__Recorded information__.
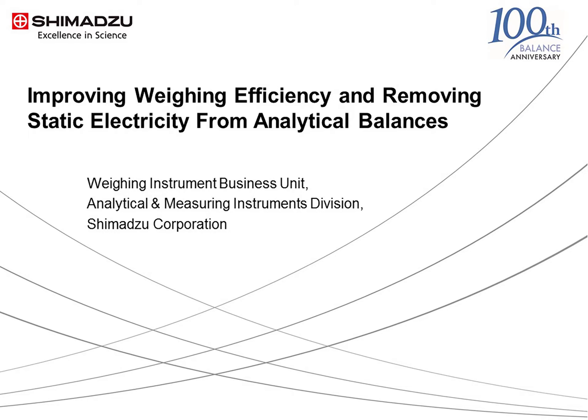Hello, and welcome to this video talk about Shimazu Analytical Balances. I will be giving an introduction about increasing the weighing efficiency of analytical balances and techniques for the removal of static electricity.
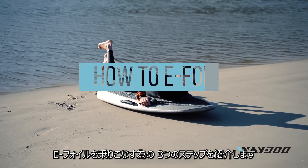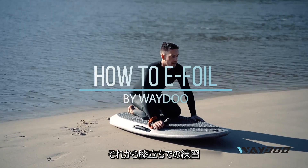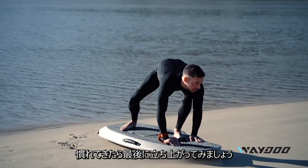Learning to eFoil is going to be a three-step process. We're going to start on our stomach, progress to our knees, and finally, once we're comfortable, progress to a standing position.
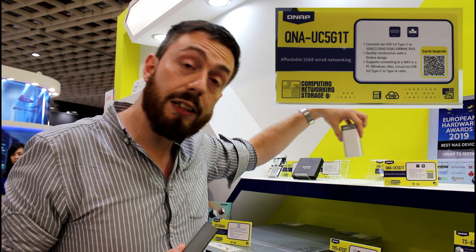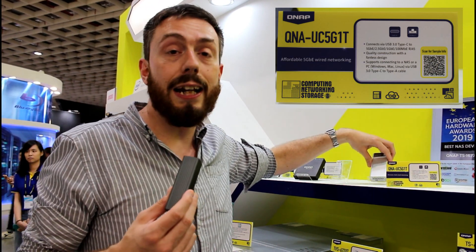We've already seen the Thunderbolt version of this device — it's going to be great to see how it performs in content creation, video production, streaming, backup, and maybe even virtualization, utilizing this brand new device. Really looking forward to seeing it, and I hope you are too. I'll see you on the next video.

__Exercise prompt__.
Nothing but the lines from the beginning of the material through the line with "Learning to eFoil" should appear, printed exactly, with no pictures among them.

__Exercise output__.
Hello, and welcome to this video talk about Shimazu Analytical Balances. I will be giving an introduction about increasing the weighing efficiency of analytical balances and techniques for the removal of static electricity.
Learning to eFoil is going to be a three-step process. We're going to start on our stomach, progress to our knees, and finally, once we're comfortable, progress to a standing position.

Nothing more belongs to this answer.